Same strange in the mall. Sure, many of the stores have similar products, even a few fast food outlets. But around one curve, Kuwait threw me a curve. A sign for a sit down restaurant, and as I got near, I realized, it was Applebee's.
As much as things are familiar, there's still a very different feel in a foreign country. My first night back in Kuwait City from the camps, I turned on the TV for my long- awaited news fix. Right to one of the networks, and even on a weekend night, they were covering a breaking story. A big breaking story. Martial law in Pakistan. You've probably heard it in the headlines, maybe even dug a little deeper. But sitting in a hotel in Kuwait City, just across the Arabian Gulf, a slice of Iran, and some desert, just 1,400 or so miles away, it hits quite a bit closer to home. Especially as I realized just how many people around me, from the hotel staff to the servers in the restaurants and clerks in the stores call Pakistan home. If they have cable or satellite TV where they live, and were watching this, they'd have to be worried. They're working hard, overseas, in many cases sending much of their earnings back home to support family. What would martial law mean to them? Were any of their families in the video I was watching? Confused crowds facing soldiers in the streets? Would they have to go home? Or would the worst happen, and more fighting break out in another world hotspot and another group of people wonder if they had homes to go to?
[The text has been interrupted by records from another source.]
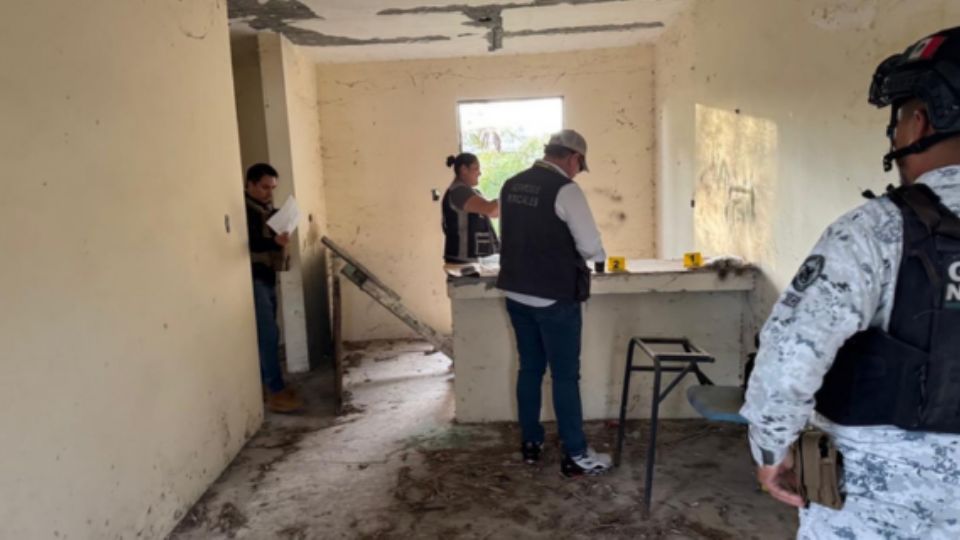 Autoridades durante el cateo en inmueble de Río Bravo, Tamaulipas.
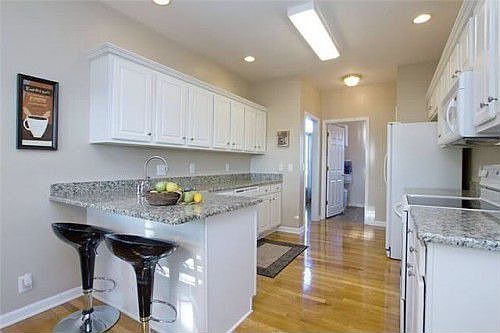 4th image of 2600 Thames Ct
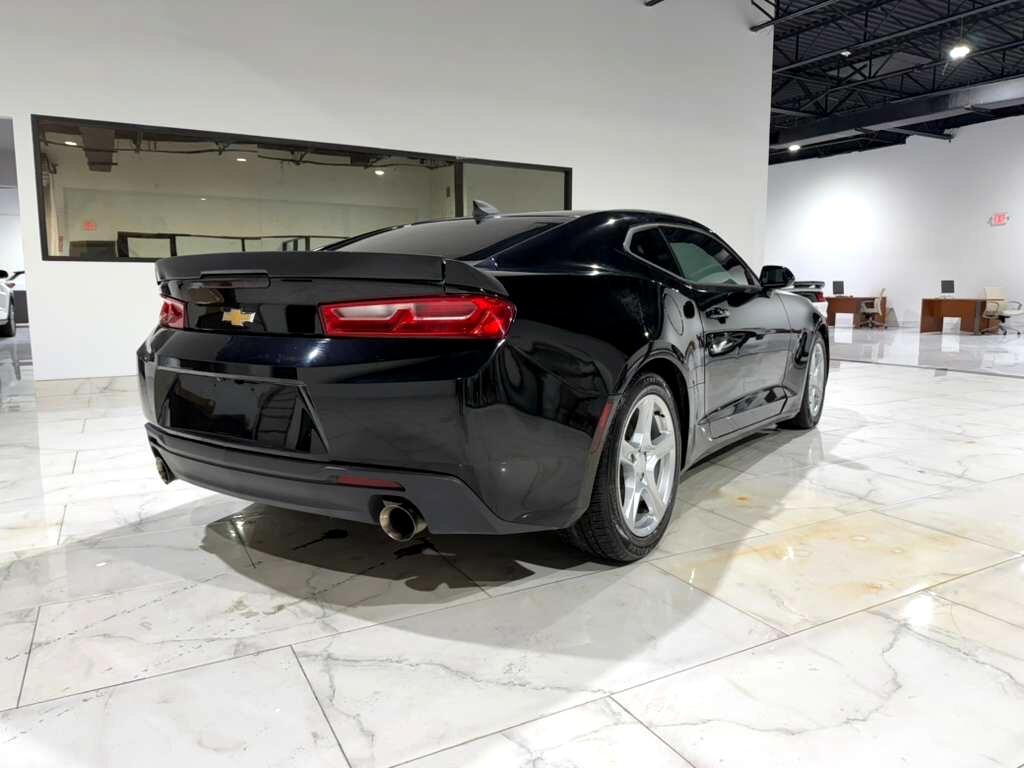 Chevrolet Camaro 1LS Coupe 6M 2018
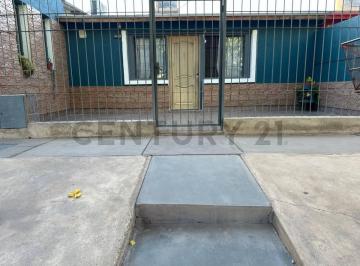 Casa · 105m² · 5 Ambientes · 3 Cocheras · Casa en Venta en Guaymallen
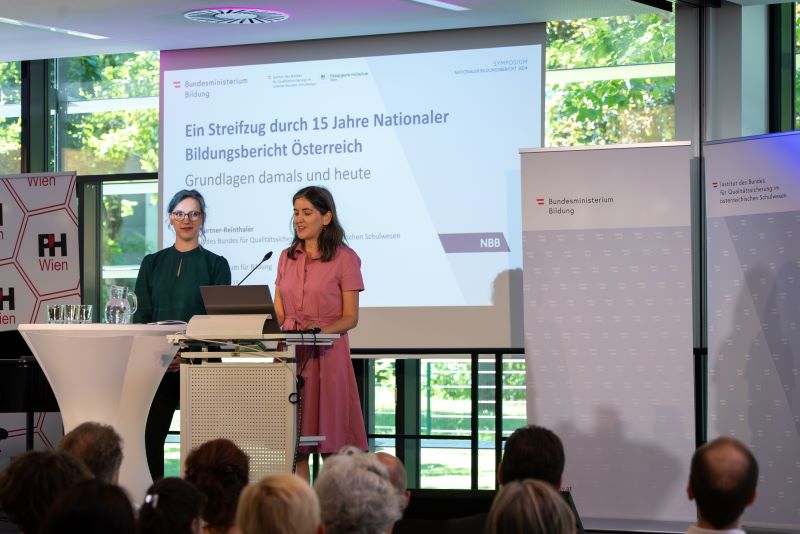 Das Foto zeigt Natalie Horn und Saya Gurtner-Reinthaler bei deren Vortrag im Rahmen des Symposiums.
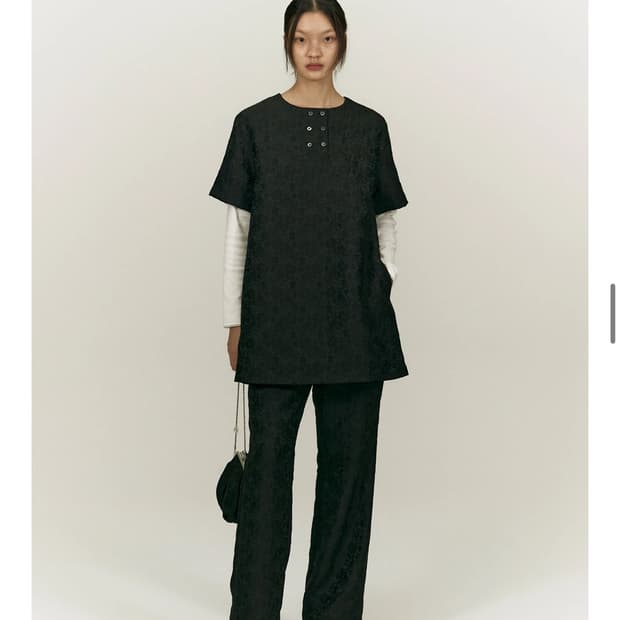 솔티페블 원피스 블랙 DAMASK JACQUARD DRESS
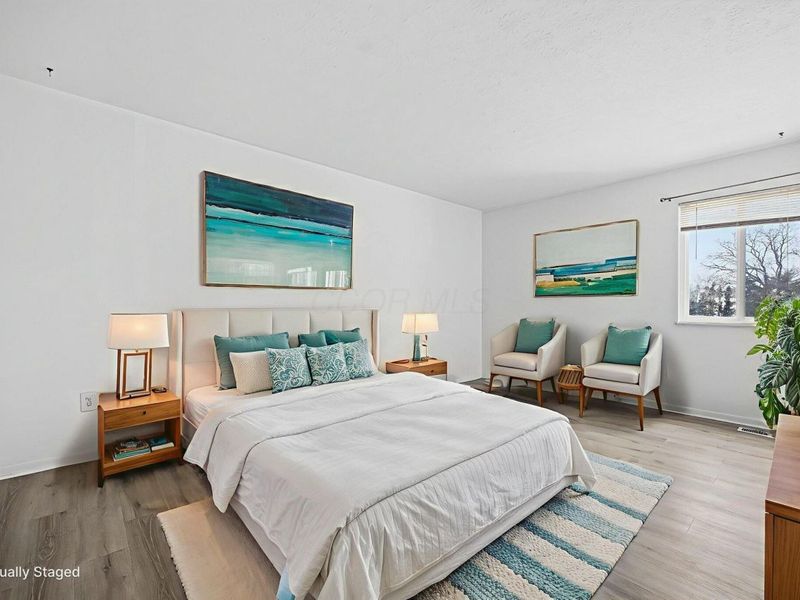 5258 Captains Court , Unit E, Columbus, OH 43220 Photo 4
I also thought of another trip, five years ago, in the early stages of the War on Terror. Then travelling with retired Marine Corps General Steve Cheney. Having served around the world, and at Parris Island, he knows quite a bit about the world situation, from many sources. I remember as we stood on the flight deck of the US aircraft carrier Theodore Roosevelt, as they say, "somewhere in the Arabian Sea..." the general musing about the planes we were watching take off, and the place they were going. Afghanistan. We were chasing down the Taliban, Beaufort Marine aviation assets flying sorties across the region. At the time, General Cheney was concerned about Afghanistan's neighbor, Pakistan, and whether or not another general, Pervez Musharrif could hold things together long enough to support American interests in the corner of his country where it touches Afghanistan. The spot, where even now we think Osama bin Laden might be hiding.
It's also a reminder of how complex the region is, and how alliances can change. Bin Laden's caves at Tora Bora, Americans helped build them when bin Laden was helping fight the Soviet Union. About the same time Saddam Hussein was our friend, since he was waging a brutal, Pyrrhic war against Iran. Which was then lead by a charismatic Ayatollah Khomeini, whose leadership in absentia, from France, helped depose another of America's friends, the Shah of Iran.
With all that to think about, the quiet of my Kuwait City hotel room was comforting, especially knowing that one way or another our national leadership will be changing in the next year. Democrat or Republican, liberal or conservative, the greatest comfort for me was that the change is almost guaranteed to be peaceful, and the American soldiers, like those of Hinesville's 3rd Infantry Division, those I'd just left in the desert on the first leg of the trip back to Baghdad, would not be armed in American streets, would not be taking the defeated party's leaders into custody, but instead would be defending freedom around the world, and protecting our right to peaceful change right here at home.